With excitement and concerns, my journey at MIT begins. The very first challenge came to me just as I expected.
Deep learning requires advanced mathematics knowledge such as matrix and linear algebras, which were not part of my high school curriculum.
As a result, lots of additional preparation are required before each lecture. Adding to this, another challenge appeared unexpectedly, the large amount of reading required as a daily task.
With little experience in terms of scientific research, it is a fresh thing for me to read through all the lengthy papers and documents.
The very first task given by the professor is to read two papers that will each give an introduction to the basic of convolutional neural network.
It was not an easy task for me. From all the unfamiliar professional vocabularies, to rather complicated mathematical equations.

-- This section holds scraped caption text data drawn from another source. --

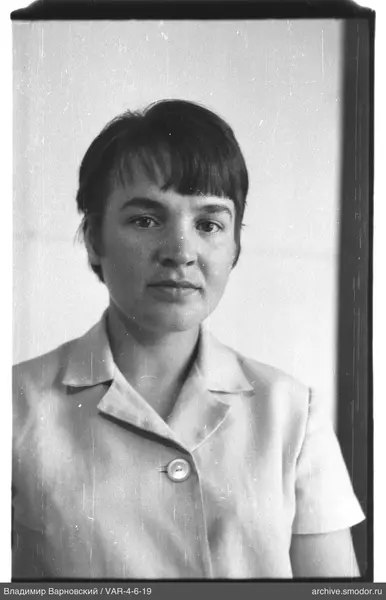 Portrait of a woman in a light shirt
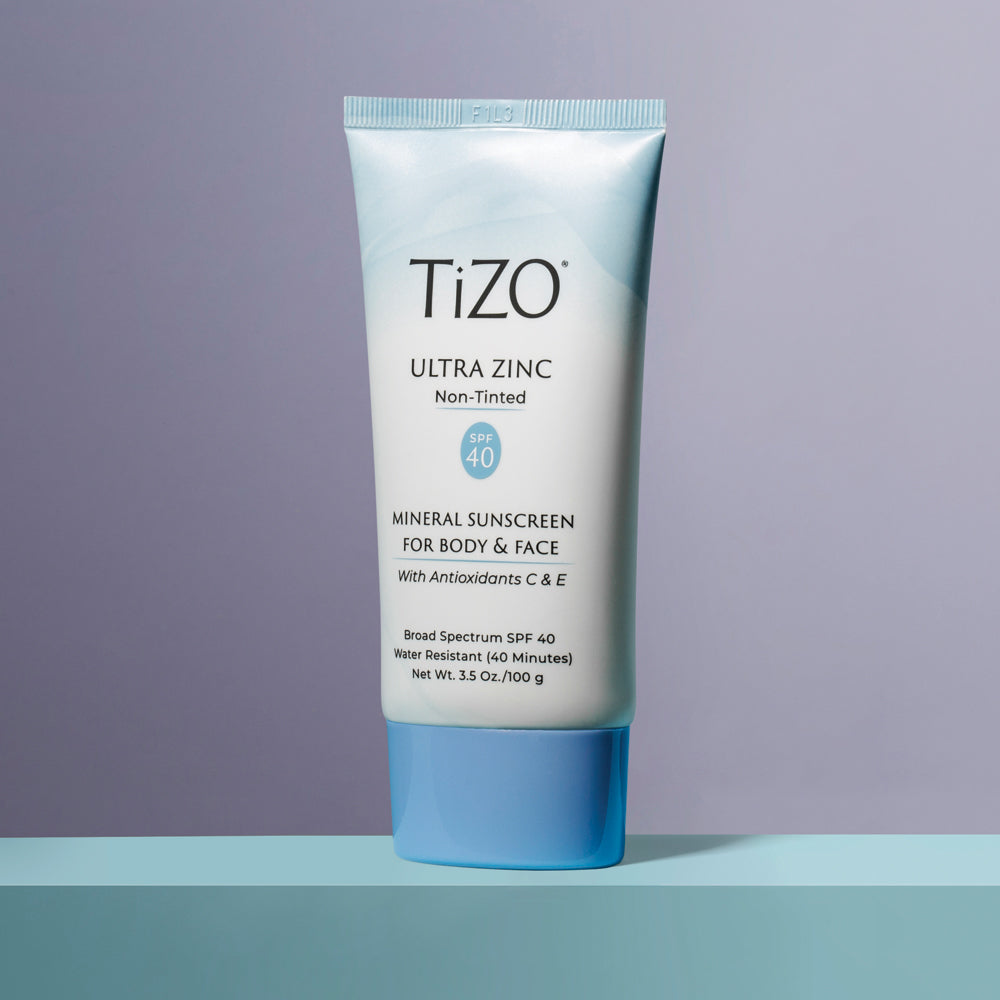 TiZO Ultra Zinc Body & Face - Non Tinted SPF 40 product tube standing on a blue ledge with grey background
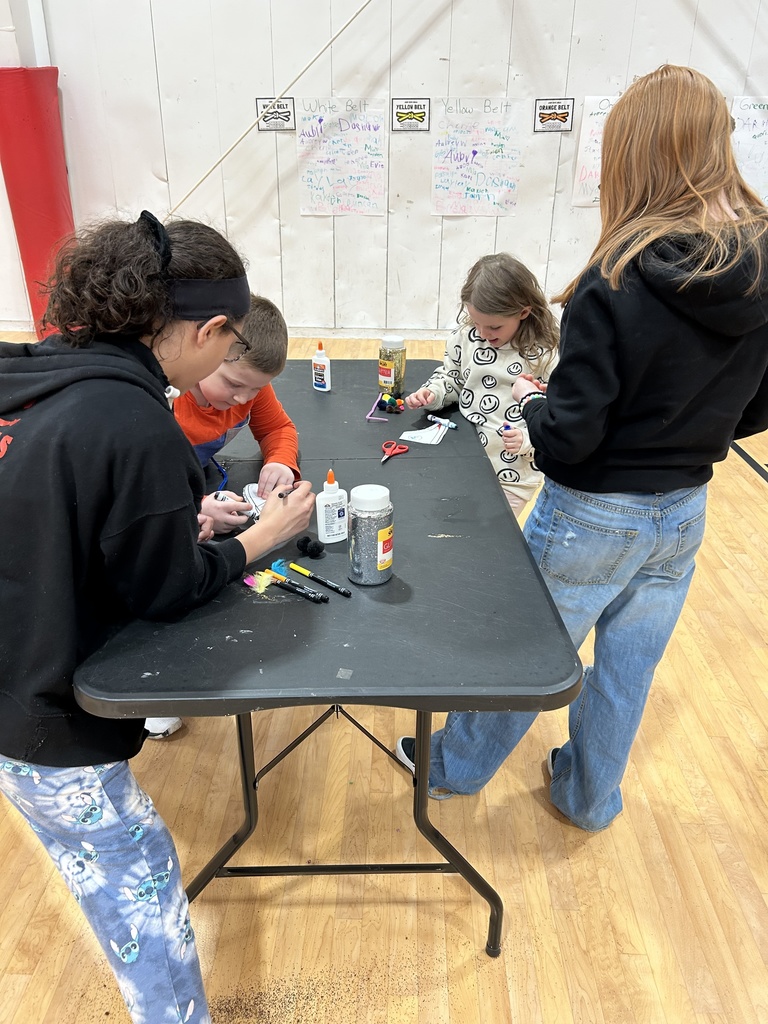 Four children are gathered around a black folding table in a gymnasium, working on a craft activity. The table is covered with glue bottles, scissors, markers, and small craft materials. Two children stand on the far side of the table while two lean over from the near side, all focused on their projects. Posters and signs are visible on the wall in the background.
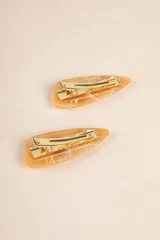 Par de broches triangulares color caramelo con diseño abstracto en blanco.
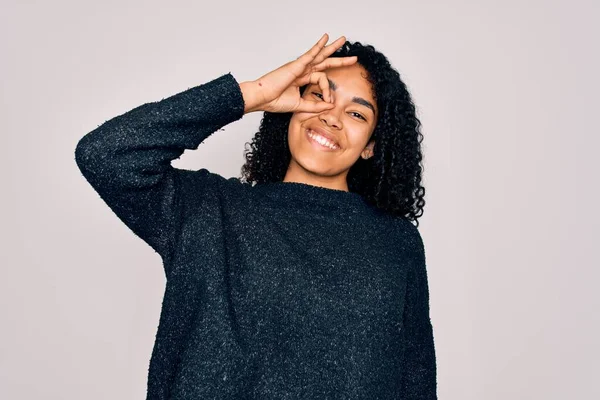 Young african american curly woman wearing casual sweater standing over white background doing ok gesture with hand smiling, eye looking through fingers with happy face.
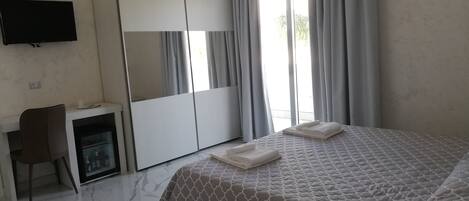 A hotel room with a bed, a desk, a wardrobe, and a TV on the wall.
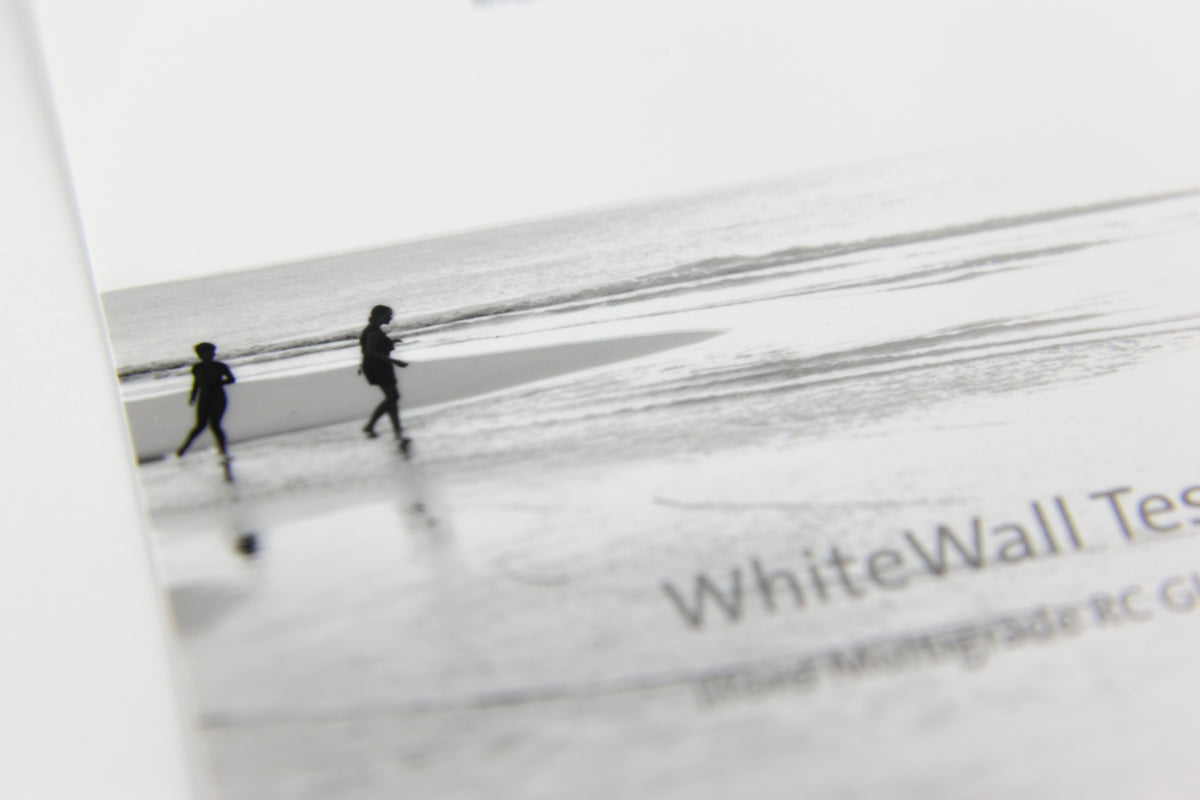 A close-up of a printed page featuring a black-and-white beach scene with two small silhouetted figures walking along the shoreline. Partial visible text reads 'WhiteWall Test.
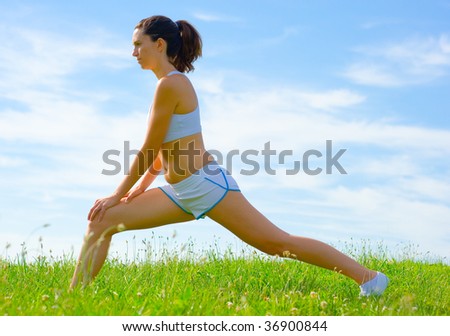 Mature woman athlete practicing in a spring meadow, from a complete series.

After reading the paper over and over, I realized the content of the paper perhaps out of my reach.
So, I turned to my professor for help, and after discussing the issue together, we decided to focus on the math part of the programming first, as it is the essential to the algorithm.
Thus, we had lectures together, which first introduced me to the world of matrix. Matrix is essentially a group of numbers organized in columns and rows, however, each sets of value in the matrix can be assigned with different meanings, thus complicated information can be transformed into just sets of numbers, and calculated by the computer with great ease.
After acquiring the most important knowledge to deep learning, problems only got more interesting.
Since I knew how to transform questions into series of numbers, our focus turned to the an optimization function that could enable visual identification using a simple computer setup.
My goal is to understand the equation and how to utilize to achieve visual recognition. Although optimization might sound easy in the beginning, but it is not it seems.
For most of the time, human and computers are only able to find an optimized point for very simple equations, say when the graph of the equation only has a few local minima, and we can pick out the global minima easily.
However, in our case, it is a completely different story. Since the input to the function is acquired in real life by two sets of cameras, thus the graph will likely to present countless number of local minima, thus, the time taken for the computer to find out the global minima would be too great.
In order to solve the mystery, my processor gave me a paper published in 2018 that tackles on the exact same problem we faced trying to solve the equation.
He also told me that, we will try to follow the proposal given by the paper, and see if we can write an function that can resolve the problem.
Thereafter, Professor H and me read through, and discussed the paper together.
Then he gave me the task to write an program that accompany the solution given by the paper after I went back to China.